━━ Data to process ━━
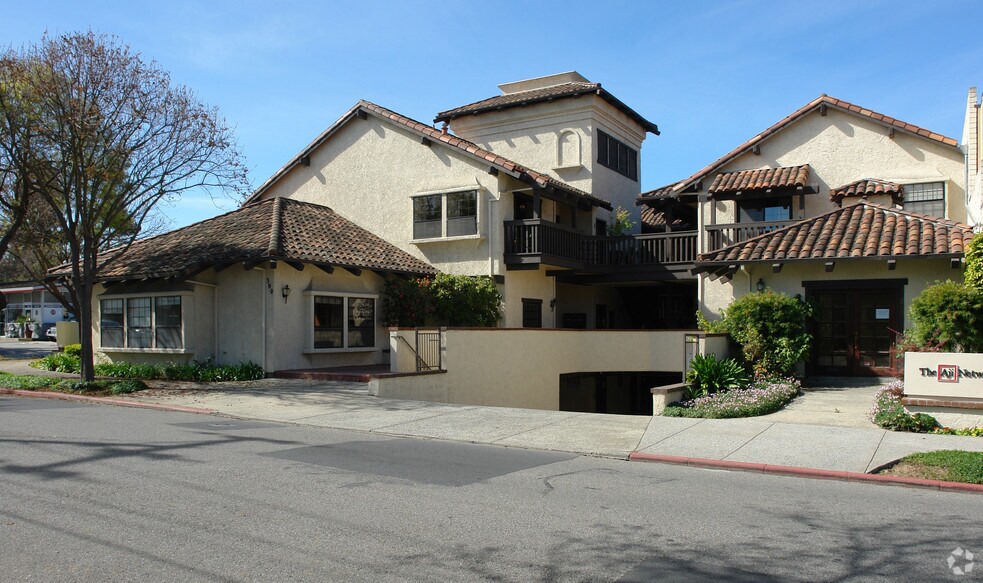 300 3rd St, Los Altos, CA à louer - Photo de l’immeuble – Image 2 sur 2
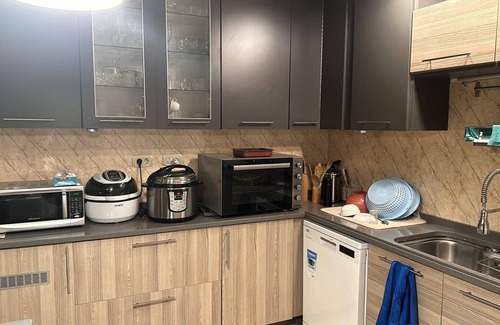 Amman House | Luxury 3-bed room apartment fully furnished with modern-style furniture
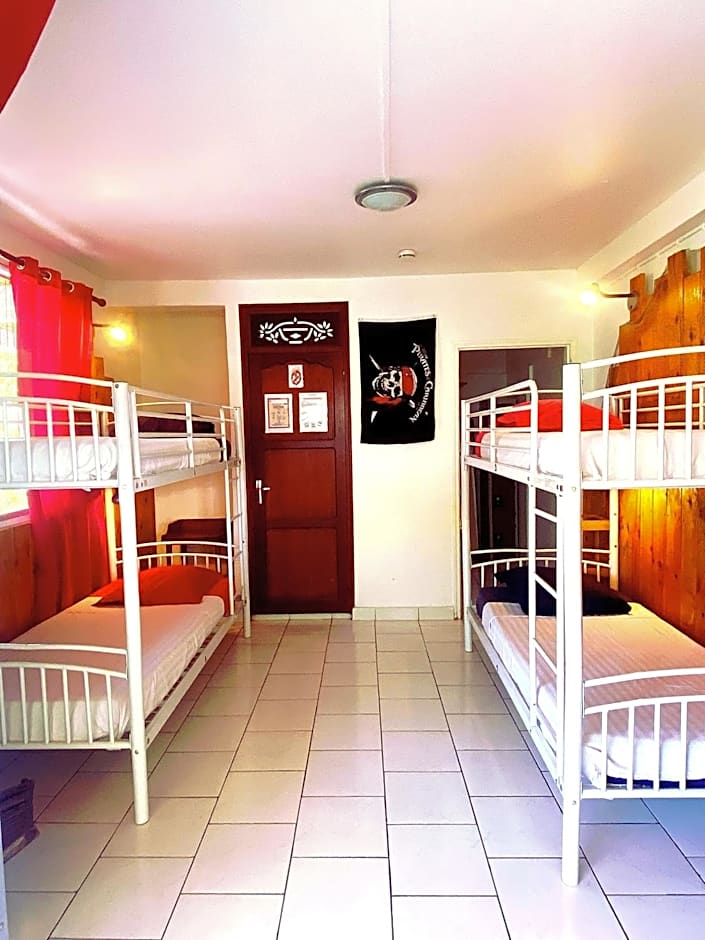 Auberge K-WAN Hostel - Proche Plages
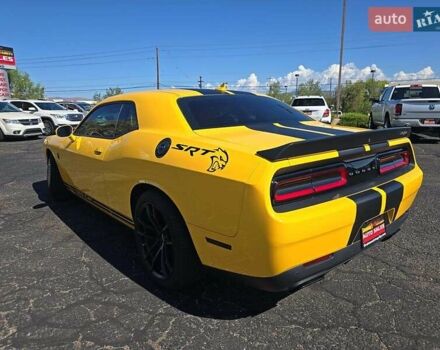 Жовтий Додж Challenger, об'ємом двигуна 6.2 л та пробігом 15 тис. км за 22000 $, фото 4 на Automoto.ua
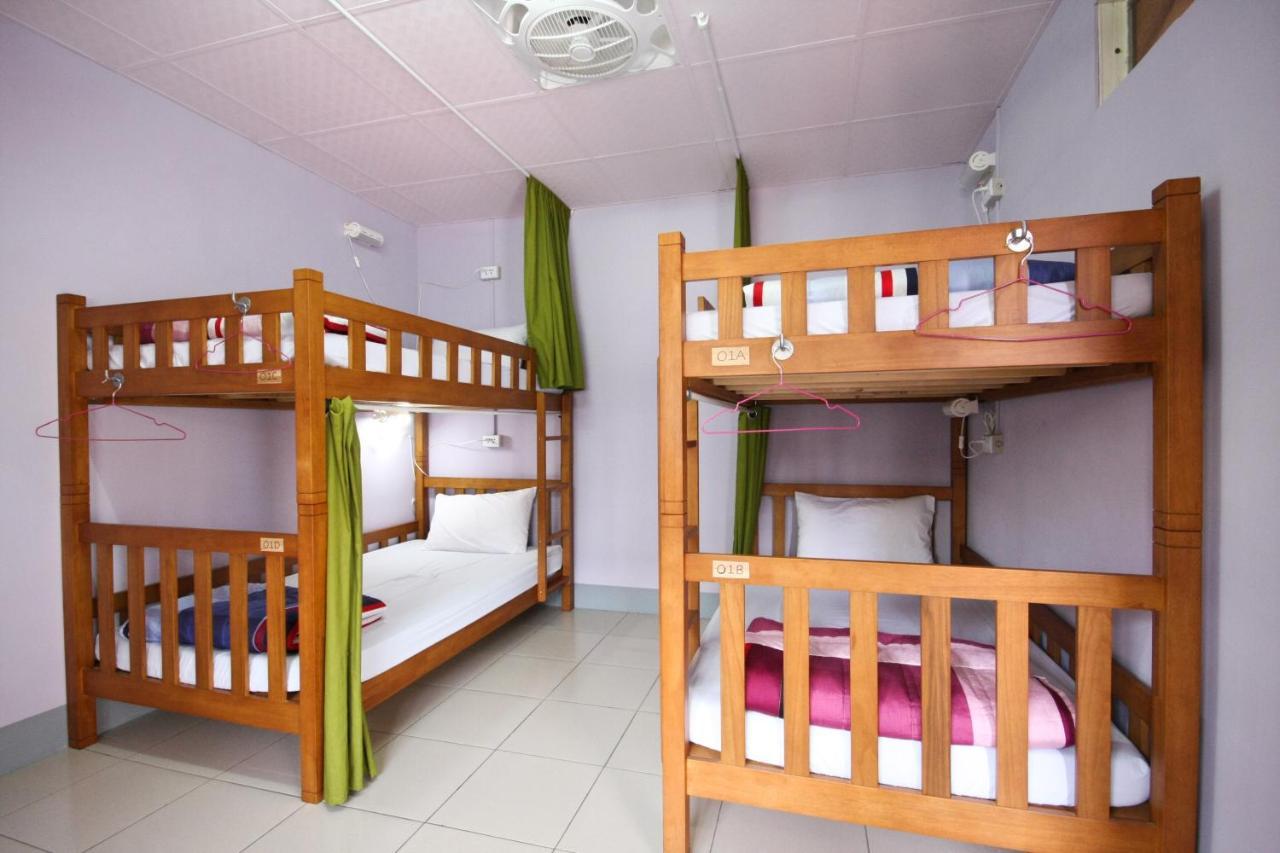Center.Center Hostel Пули Экстерьер фото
━━━
(Task directions) Line by line, print the records exactly, leaving the pictures behind.

(Exercise response)
 300 3rd St, Los Altos, CA à louer - Photo de l’immeuble – Image 2 sur 2
 Amman House | Luxury 3-bed room apartment fully furnished with modern-style furniture
 Auberge K-WAN Hostel - Proche Plages
 Жовтий Додж Challenger, об'ємом двигуна 6.2 л та пробігом 15 тис. км за 22000 $, фото 4 на Automoto.ua
Center.Center Hostel Пули Экстерьер фото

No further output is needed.